Over the past 40 years, the United States and China have followed markedly different trajectories in reducing poverty—each achieving notable successes while still facing persistent challenges.

In the United States, the poverty rate has generally trended downward since the early 1980s, when it hovered between 13% and 15%. Social safety net programs—such as the Supplemental Nutrition Assistance Program (SNAP), housing assistance, and the Earned Income Tax Credit (EITC)—have played a central role in this progress. Under the expanded poverty measure, the rate fell from roughly 18.9% in 1964 to 10.9% in 2011. The 2008 financial crisis caused a sharp reversal, with poverty climbing from 10.1% in 2008 to 15.2% in 2012. Economic recovery measures helped bring it back down to around 11.5% by 2022. Despite this improvement, disparities remain: poverty rates are consistently higher in the Southern states, and some rural areas face entrenched, multigenerational poverty. One major success story is elderly poverty, which fell from 28.5% in 1966 to about 10.3% in 2021, highlighting the effectiveness of targeted support for seniors.
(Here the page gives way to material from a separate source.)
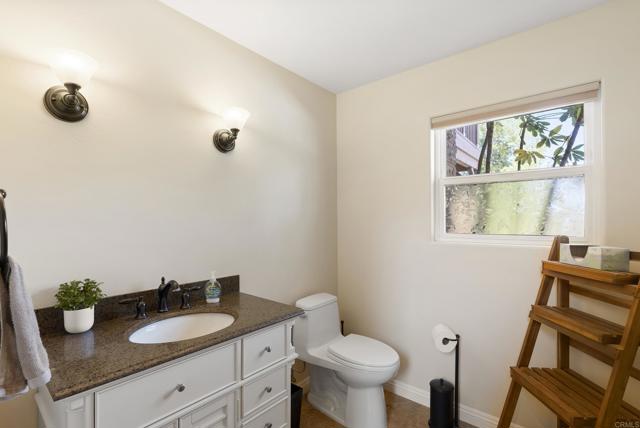 6433 Dehesa Road, El Cajon CA: https://media.crmls.org/mediaz/d5dac0a2-da3c-4077-911a-c05a3a1401b1.jpg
China’s poverty story is one of unprecedented scale and speed. Over the past four decades, rapid economic growth combined with targeted state-led campaigns has lifted hundreds of millions out of absolute poverty. In 2020, the Chinese government declared that it had eradicated absolute poverty according to its national standard—a milestone unparalleled in modern history. However, challenges remain in the form of relative poverty: roughly 13% of the population lives on less than $5.50 per day (PPP), underscoring persistent income inequality and regional imbalances as China advances toward high-income status.

Credit for Achievements

  • United States: Decades of effective anti-poverty programs, particularly the EITC, SNAP, and housing aid, which have substantially reduced poverty rates and achieved dramatic gains in reducing elderly poverty.

  • China: Historic poverty eradication through sustained economic expansion and highly targeted rural development campaigns, culminating in the 2020 milestone of eliminating absolute poverty by its national benchmark.

Conclusion
Both countries have made major strides, though through fundamentally different models—the U.S. via long-term social welfare infrastructure, China via rapid growth paired with targeted interventions. For both, the next frontier lies in narrowing regional inequalities and tackling relative poverty, which continues to shape the lived reality of millions.